(EXERCISE INPUTS)
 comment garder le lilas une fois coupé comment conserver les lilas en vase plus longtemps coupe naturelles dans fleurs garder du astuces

* * *

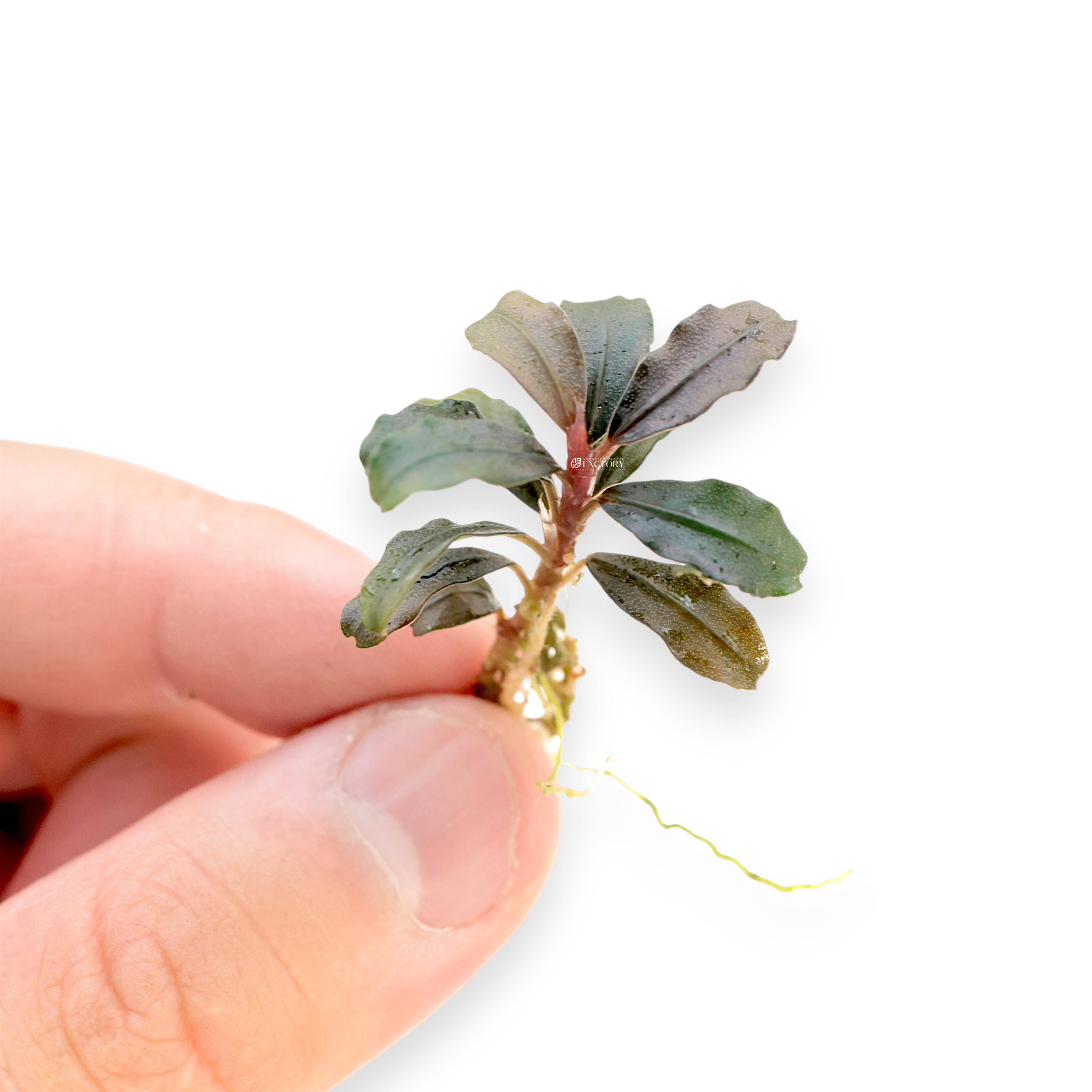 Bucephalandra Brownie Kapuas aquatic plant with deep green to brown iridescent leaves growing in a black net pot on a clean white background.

* * *

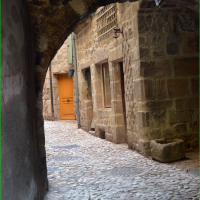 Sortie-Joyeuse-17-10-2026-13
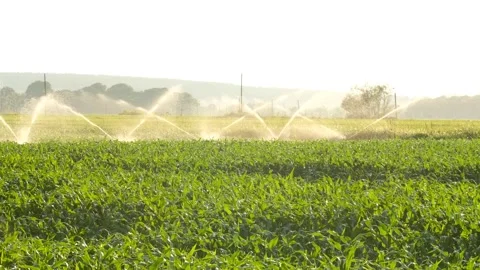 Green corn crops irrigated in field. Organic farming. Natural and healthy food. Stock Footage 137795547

(ABOUT THIS EXERCISE) Using the listing above, reproduce word for word every line from the one containing "Sortie-Joyeuse-17-10-2026-13" through the one containing "Green corn crops". Pictures must be left out.

(ANSWER TO THE PROBLEM)
 Sortie-Joyeuse-17-10-2026-13
 Green corn crops irrigated in field. Organic farming. Natural and healthy food. Stock Footage 137795547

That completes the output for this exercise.